*TASK GOAL:* Exactly and only the lines from the one with "vintage black wall clock" through the last line of the records need to be set down; please skip the pictures.

[Scraped caption text data]
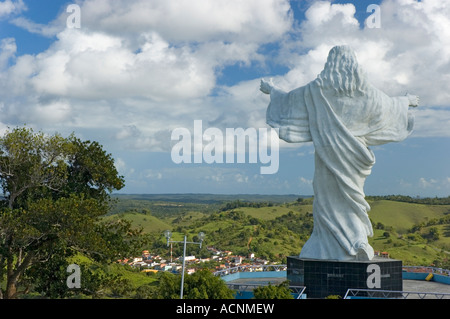 Monumento ein Jesus de Nazaré, Morro de Nazaré, Nazaré Das Farinhas, Bahia Stockfoto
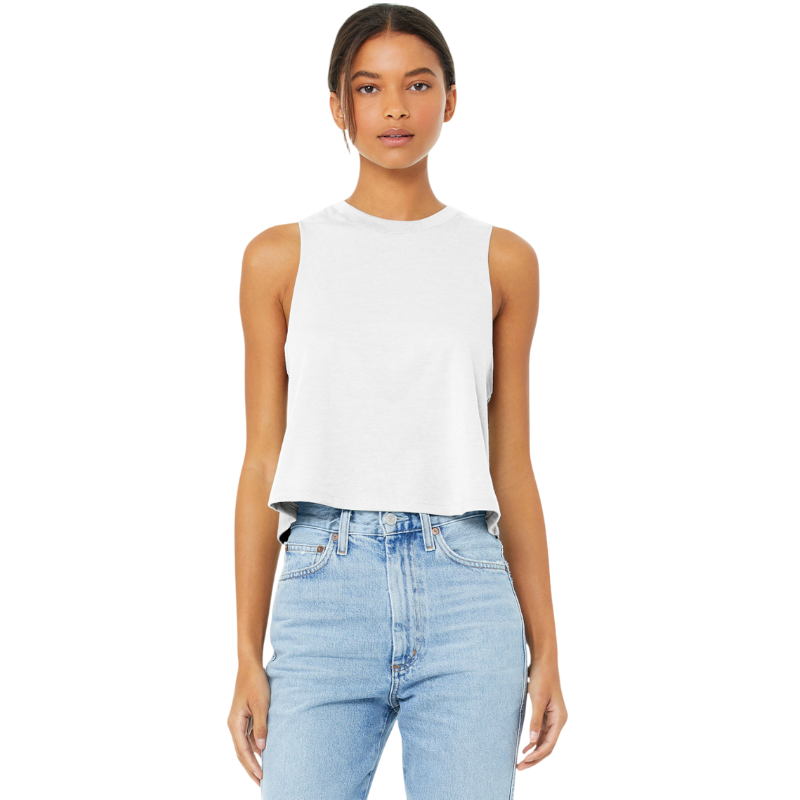 BELLA+CANVAS ® Women’s Racerback Cropped Tank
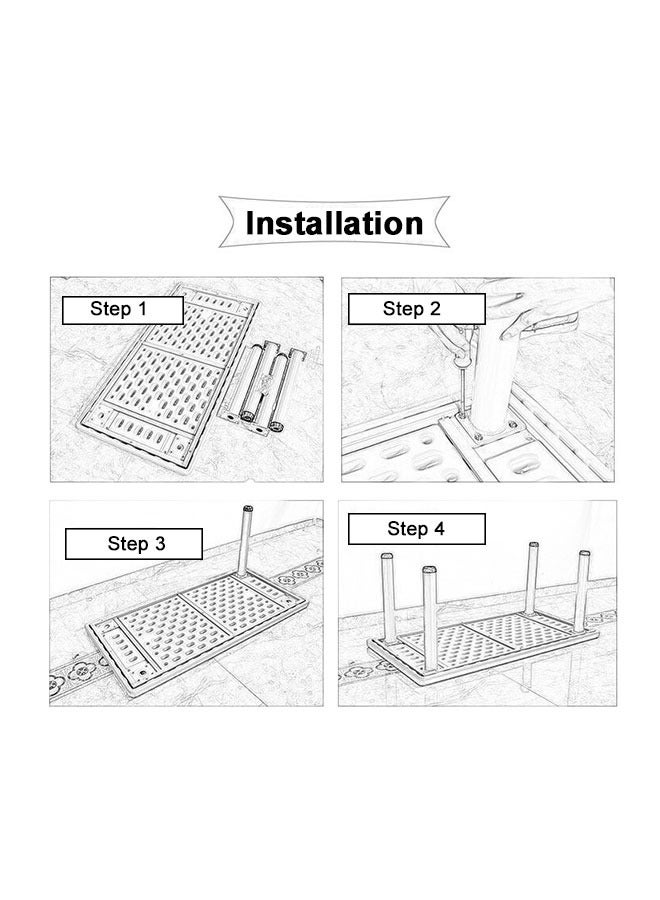 جساي تويز قطعتا أطفال بلاستيك مستطيل منضدة روضة أطفال سميكة مكتب تعليم الأطفال - Image 5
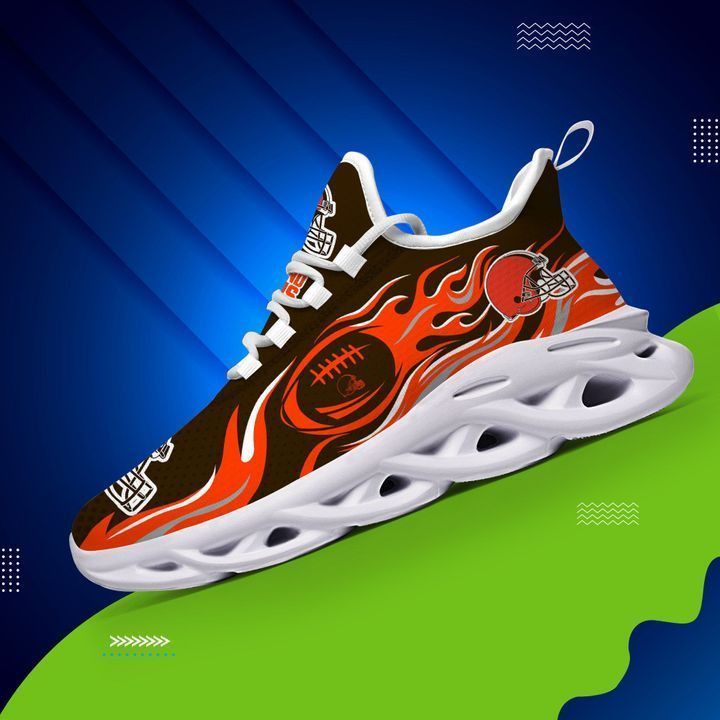 JWFancy Cleveland Browns NFL Max Soul Shoes Sneakers For Men And Women
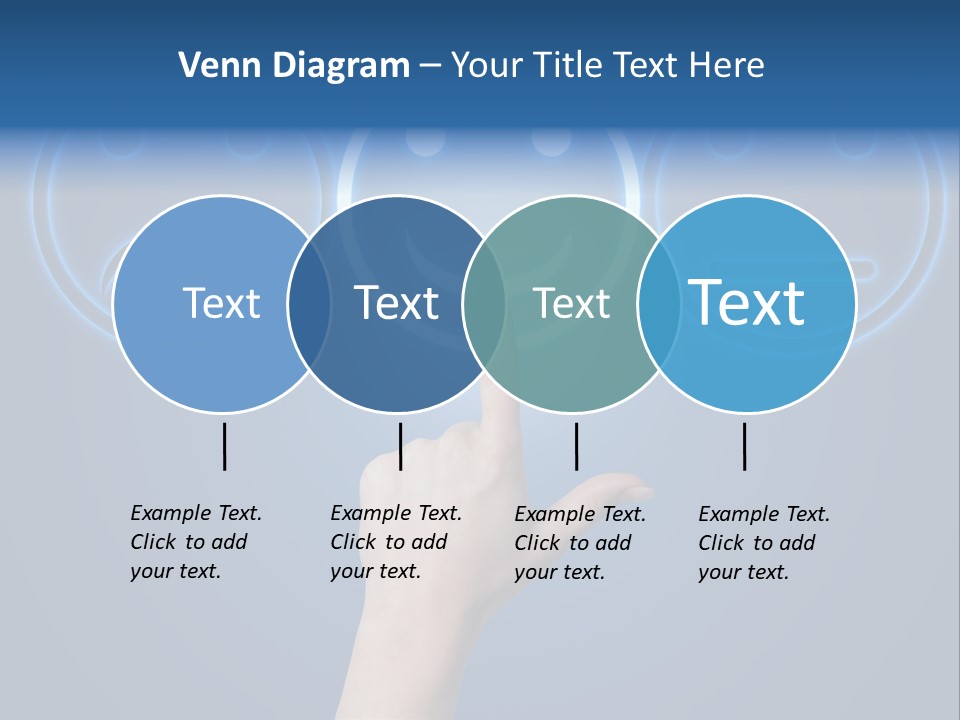 Commercial Marketing Gesture PowerPoint Template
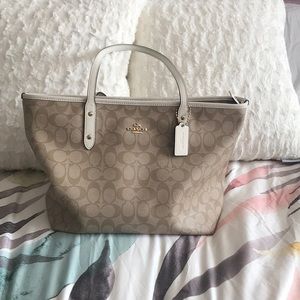 Tan Coach Tote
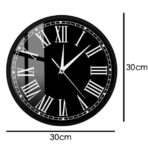 vintage black wall clock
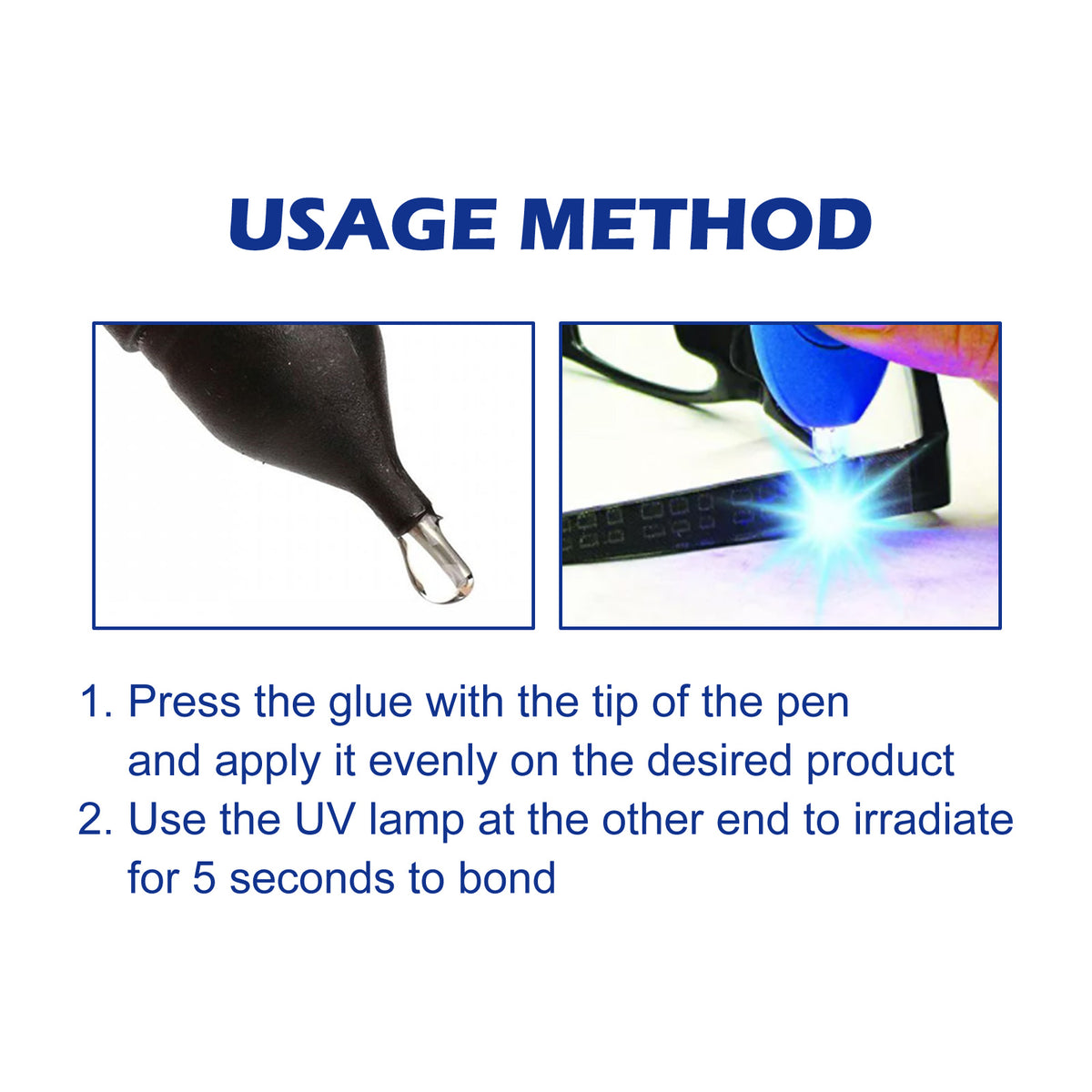 UV Glue Repair Pen with 5-Second Curing Light Tool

*WRITTEN ANSWER:*
 vintage black wall clock
 UV Glue Repair Pen with 5-Second Curing Light Tool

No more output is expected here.